The evening will include a select number of incredible live auction items, including the same wines every celebrity will be drinking at this year’s “Oscars,” and All-Access Star Passes for this year’s Dallas International Film Festival, with proceeds benefiting the Dallas Film Society. We hope to see you there!

The Films:

“O.J.:Made In America”
I watched Ezra Edelman’s remarkable five part series over multiple nights on television and I’m still scratching my head how it ended up an Academy Award nominee in theaters. Who am I to argue since it’s a stunning piece of work that examines in detail race relations in America, sports hero worship, a disturbing double murder, and a monumental trial swirling around the same sad football icon named in the title. This is your likely Oscar winner. It’s complex, complete and compelling.

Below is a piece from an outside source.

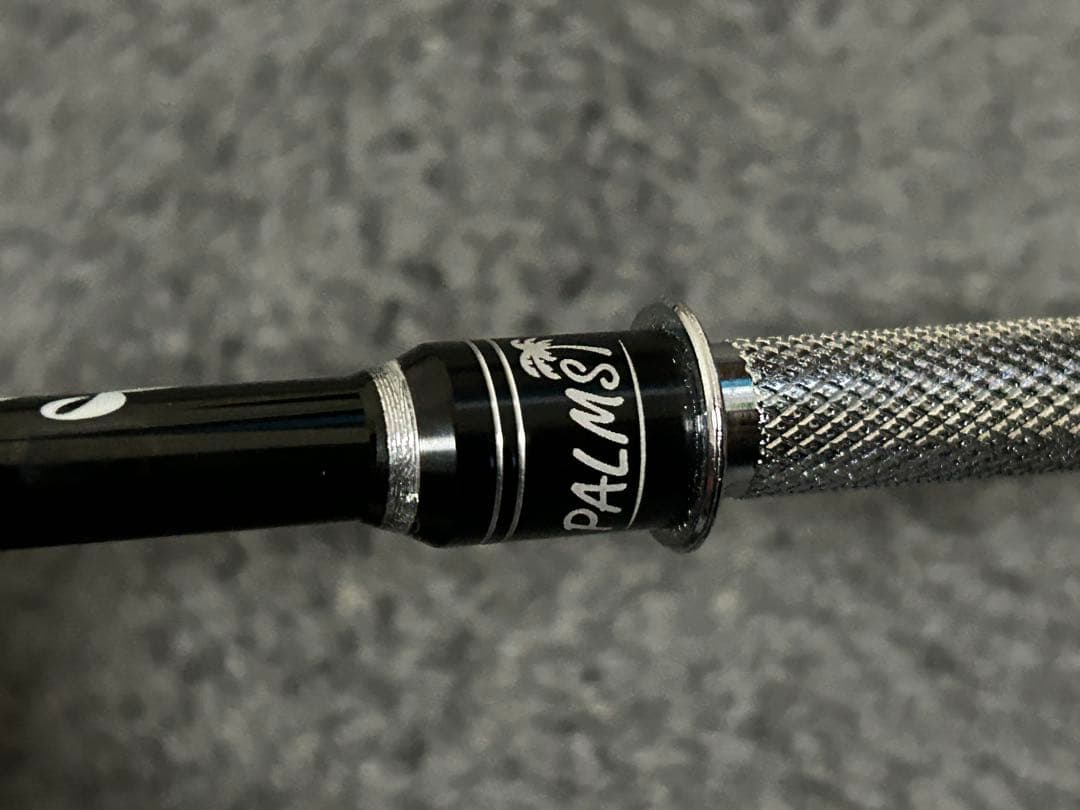フェルール加工　パームスETVC-46XULエゲリアネイティブ　グラス　試投のみ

Ava DuVernay, the director of “Selma,” has something to say and it’s important. She believes our current prison system is a modern day form of slavery and her case is well presented in, “13th,” titled after the Thirteenth Amendment to the Constitution which outlawed slavery. I’m fascinated by her ability to connect the dots of mass incarceration and there is a righteous anger to her argument. DuVernay made me think, made me look at history, and made me face a problem I might have otherwise avoided. This is a powerful piece of work.

“Life Animated”
Owen Suskind was diagnosed with autism at the age of 3 and spent years not talking or communicating until his parents realized the best way to communicate with their son was through Disney animated characters. This bright young mind, his love for Disney animation, and his emergence into adulthood is the subject of this funny, beautiful film. Owen has a lot on his mind and director Roger Ross Williams helps him articulate his feelings into something we can all relate to. The late Robin Williams (voice of Genie in “Aladdin”) would have been proud.

“Fire At Sea”
A mix of lazy island life told through the eyes of a young boy living on Lampedusa in the Mediterranean Sea and the thousands of starving and dying immigrants who arrive on shore fleeing from North Africa. One minute the boy is crafting a homemade slingshot and the next minute a local compassionate doctor is trying to makes sense of the daily human misery. “Fire At Sea” is a slow moving, difficult work by Italian director Gianfranco Rosi with a chilling, heartbreaking ending.

“I Am Not Your Negro”
Literary giant James Baldwin died in 1987 leaving behind 30 pages from his unfinished novel, “Remember This House.” Samuel L. Jackson narrates Baldwin’s last words and the result is a powerful look at the authors take on race in America while reflecting on his personal relationships with Martin Luther King Jr., Medgar Evers, and Malcom X, all assassinated over a brief period of time. I have always been a fan of James Baldwin and “I Am Not Your Negro,” is one of the best films I have seen all year. Baldwin was a prolific guest on television talk shows in the 1960’s, and his on camera appearances in Raoul Peck’s film are simply stunning. Baldwin never minced words and never backed down, neither does this film.